One of the greatest comic talents of his generation, Peter Sellers had an exceptional gift for losing himself in a character -- so much so that, beyond his remarkable skill as a performer and his fondness for the humor of the absurd, it's difficult to draw a connection between many of his best performances. While his fondness for playing multiple roles in the same film may have seemed like a stunt coming from many other actors, Sellers had the ability to make each character he played seem distinct and different, and while he was known and loved as a funnyman, only in a handful of roles was he able to explore the full range of his gifts, which suggested he could have had just as strong a career as a dramatic actor.

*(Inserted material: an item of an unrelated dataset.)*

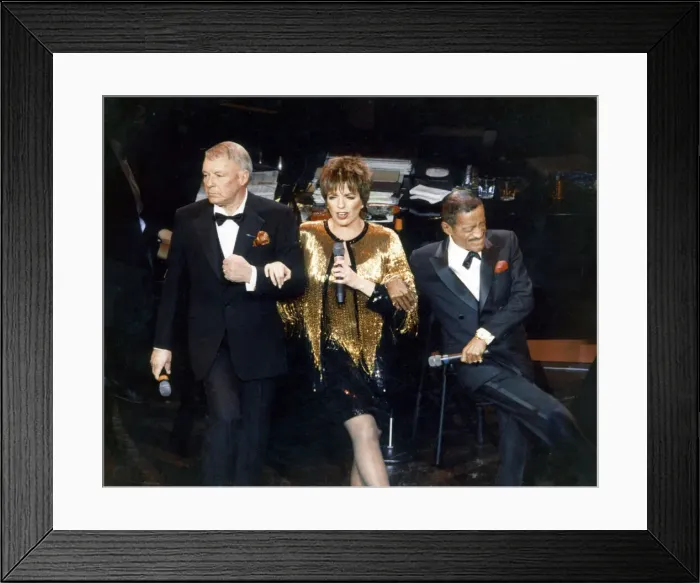 Framed Print : Frank Sinatra singerand actor onstage with Liza Minneli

Born Richard Henry Sellers on September 8, 1925, Sellers was nicknamed "Peter" by his parents, Bill and Agnes Sellers, in memory of his brother, who was a stillbirth. Bill and Agnes made their living as performers on the British vaudeville circuit, and Sellers made his first appearance on-stage only two days after his birth, when his father brought out his infant son during an encore. As a child, Sellers studied dance at the behest of his parents when not occupied with his studies at St. Aloysius' Boarding and Day School for Boys. Sellers also developed a knack for music, and in his teens began playing drums with local dance bands. Shortly after his 18th birthday, Sellers joined the Royal Air Force, and became part of a troupe of entertainers who performed at RAF camps both in England and abroad. During his time in the service, Sellers met fellow comedians Spike Milligan, Harry Secombe, and Michael Bentine; after the war, they found work as performers with the British Broadcasting Corporation, and Sellers hoped to follow suit. After several failed auditions, Sellers struck upon the idea of calling Roy Speer, a BBC producer, posing as one of the network's top actors. Sellers gave Sellers an enthusiastic recommendation, and Speer gave him a spot on the radio series Show Time.

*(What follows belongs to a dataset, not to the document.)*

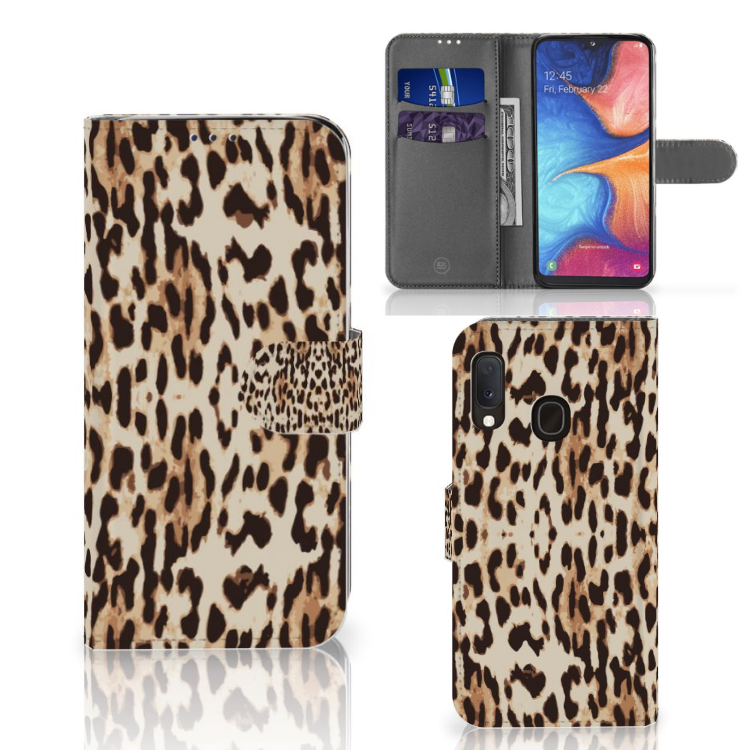 Samsung Galaxy A20e Telefoonhoesje met Pasjes Leopard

After he signed on with the BBC, Sellers became reacquainted with Milligan, Secombe, and Bentine, and together they comprised the cast of The Goon Show, which upon its debut in 1949 became one of Great Britain's most popular radio shows; the absurd and often surreal humor of the Goons would prove to be the first glimmer of the British Comedy Movement of the '60s and '70s, paving the way for Beyond the Fringe and Monty Python's Flying Circus. The Goon Show provided Sellers with his entry into film acting, as he appeared in several short comedies alongside Milligan and Secombe, as well as the feature film Down Among the Z Men (aka The Goon Movie). Sellers also married for the first time during the height of Goon-mania, wedding Anne Howe in the fall of 1951. Sellers won his first significant non-Goon screen role in 1955, with the classic Alec Guinness comedy The Ladykillers, but his first international hit would have to wait until 1958, when he appeared in George Pal's big-budget musical Tom Thumb. In 1959, Sellers appeared in the satiric comedy I'm All Right, Jack, which earned him Best Actor honors from the British Film Academy; the same year, Sellers enjoyed a major international success with The Mouse That Roared, in which he played three different roles (one of them a woman). While a bona-fide international comedy star, Sellers had a hard time finding roles that made the most of his talents, and it wasn't until after a handful of unremarkable features that he received a pair of roles that allowed him to truly shine. In 1961, Sellers starred as an Indian physician in The Millionairess opposite Sophia Loren, based on a play by George Bernard Shaw (Sellers and Loren would also record a comic song together, "Goodness Gracious Me," which was a hit single in Britain), and a year later Stanley Kubrick cast him as Claire Quilty in his controversial adaptation of Vladimir Nabokov's novel Lolita.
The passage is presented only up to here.